Nazi Bunnies of Buchenwald -- the Wisconsin Historical Society, of all websites, relates the boggling story of how the Nazi SS raised well-fed, well-housed Angora rabbits at Aushwitz and other concentration camps, simultaneous with starving and working to death thousands of human prisoners.
Tobor On Television -- Way back in my misspent youth, I spent many a Saturday morning watching the weekly "Creature Feature", showing (mostly bad) horror and science fiction movies. One I had fond memories of was Tobor the Great, wherein a young boy fought bad guys with his 9-foot tall robot. I always remembered Tobor as pretty cool-looking, better than Robbie or Gort; looking at pictures of Tobor again some fifty years on, ehh, not so much. What I didn't know until now was that there was an attempt to spin-off Tobor into a television series, HERE COMES TOBOR; the unsold pilot is available for viewing on archive.org. (Also on YouTube.)

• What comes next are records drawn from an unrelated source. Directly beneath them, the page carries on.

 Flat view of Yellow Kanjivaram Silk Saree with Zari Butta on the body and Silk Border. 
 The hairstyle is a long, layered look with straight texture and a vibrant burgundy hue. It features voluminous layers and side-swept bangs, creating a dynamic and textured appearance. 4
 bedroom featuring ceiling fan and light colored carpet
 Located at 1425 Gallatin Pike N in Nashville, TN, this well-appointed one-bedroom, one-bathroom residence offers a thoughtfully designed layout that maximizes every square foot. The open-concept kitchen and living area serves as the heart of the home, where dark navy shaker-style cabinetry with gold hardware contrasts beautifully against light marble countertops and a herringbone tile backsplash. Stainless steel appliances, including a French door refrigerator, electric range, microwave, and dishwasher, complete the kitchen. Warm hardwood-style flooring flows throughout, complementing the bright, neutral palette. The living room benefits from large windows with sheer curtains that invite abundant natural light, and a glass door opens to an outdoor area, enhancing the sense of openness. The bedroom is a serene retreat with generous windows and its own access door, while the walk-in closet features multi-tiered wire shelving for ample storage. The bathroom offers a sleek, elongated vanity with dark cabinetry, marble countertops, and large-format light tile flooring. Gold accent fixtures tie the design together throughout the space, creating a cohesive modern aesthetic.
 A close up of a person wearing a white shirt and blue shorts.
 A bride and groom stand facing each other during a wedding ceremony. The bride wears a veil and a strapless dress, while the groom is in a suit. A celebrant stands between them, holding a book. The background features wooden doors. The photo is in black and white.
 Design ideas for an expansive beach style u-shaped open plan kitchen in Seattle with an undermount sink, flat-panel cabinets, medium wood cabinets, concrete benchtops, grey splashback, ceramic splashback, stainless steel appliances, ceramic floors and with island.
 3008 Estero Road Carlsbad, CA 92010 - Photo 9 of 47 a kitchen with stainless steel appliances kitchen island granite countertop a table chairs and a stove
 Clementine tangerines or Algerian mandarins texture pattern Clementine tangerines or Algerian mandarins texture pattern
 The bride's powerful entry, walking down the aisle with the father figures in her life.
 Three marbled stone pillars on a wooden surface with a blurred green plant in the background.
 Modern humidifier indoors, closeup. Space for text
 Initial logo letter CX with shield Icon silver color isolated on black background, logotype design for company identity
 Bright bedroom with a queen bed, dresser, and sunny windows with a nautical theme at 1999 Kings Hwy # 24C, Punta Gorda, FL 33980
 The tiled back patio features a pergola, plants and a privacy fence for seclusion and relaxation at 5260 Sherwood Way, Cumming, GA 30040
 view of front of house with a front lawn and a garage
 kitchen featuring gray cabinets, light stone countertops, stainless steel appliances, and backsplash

Stephen King Reviews Joyce Carol Oates' THE ACCURSED -- Here's a snippet of the review:
Annabel Slade (lovely, modest, corseted) is abducted by a demon lover named Axson Mayte in full view of a standing-room-only church congregation mere seconds after her marriage to dashing Dabney Bayard. She’s spirited away to the Bog Kingdom, a terrible wasteland where she is subjected to the Unspeakable (van Dyck loves that word) and then made to clean the filthy lower levels of the castle with her fellow abductees, who have been reduced to the state of half-human zombies. She escapes and returns home, dirty and barely sane, just in time to die giving birth to something both Unspeakable and Ambiguous (perhaps a snake, perhaps an infant with its innards on the outards).
I don't know about you, but reading that (and it's only about a small part of the sprawling novel) makes me sad that Edward Gorey isn't still alive to produce illustrations for Oates' novel.